The promise of hydrogen as a clean fuel source is nothing new — as far back as the 1970s hydrogen was being promised as a "potential pollution-free fuel for our cars."
While hydrogen hasn't yet taken off as the fuel of the future — a 2023 report from McKinsey & Company and the Hydrogen Council estimates that there is a grand total of eight hydrogen vehicle fuelling stations in Canada — many still hope that will change.
The hope is hydrogen will play a significant role in combating climate change, serving as a low-emissions substitute for fossil fuels in power generation, home heating and transportation, and today, interest in a Canadian clean hydrogen industry may be starting to bubble over.
"People are super excited about hydrogen because of the opportunity to use it as a clean chemical fuel. So, as a displacement for natural gas, diesel, gasoline, jet fuel," said Andrew Gillis, CEO of Canadian hydrogen company Aurora Hydrogen.
Plans for low or zero-emissions hydrogen projects are beginning to take shape across the country. But, at the moment, hydrogen is far from a low-emissions fuel, which is why some experts suggest expectations for the resource should be tempered.
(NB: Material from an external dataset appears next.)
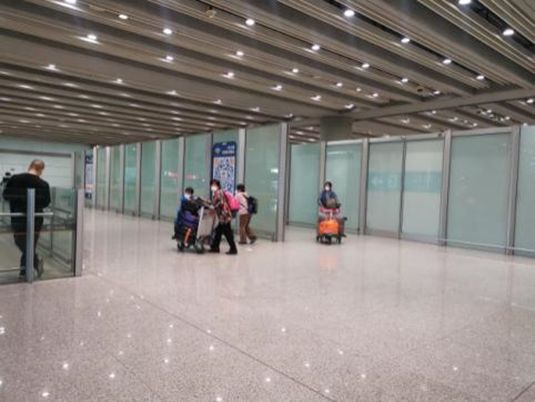 T3航站楼B出口（国际航班出口）图片来源：每经记者 冷辉 张卓青 摄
The International Energy Agency indicates that in 2021, global hydrogen production emitted 900 million tonnes of carbon dioxide — roughly 180 million more than the aviation industry — as roughly 99 per cent of hydrogen production came from fossil fuel sources.
"There is a concern that the role of hydrogen in the process of decarbonization is being very greatly overstated," said Mark Winfield, professor of environmental and urban change at York University.
A growing excitement
In 2020, the government released a hydrogen strategy, aiming to "cement hydrogen as a tool to achieve our goal of net-zero emissions by 2050 and position Canada as a global, industrial leader of clean renewable fuels."
The latest budget includes over $17 billion in tax credits between now and 2035 to help fund clean hydrogen projects.
Today, the most common application for hydrogen in Canada is as a material in industrial activities such as oil refining and ammonia, methanol and steel production, according to Natural Resources Canada.
But, the buzz around hydrogen isn't exactly over its industrial applications, said Aurora Hydrogen's Gillis.
"All these sorts of things where we currently have emitting gaseous or liquid chemical fuels, hydrogen's an opportunity to replace those and access the energy without creating emissions at the point of us," Gillis said.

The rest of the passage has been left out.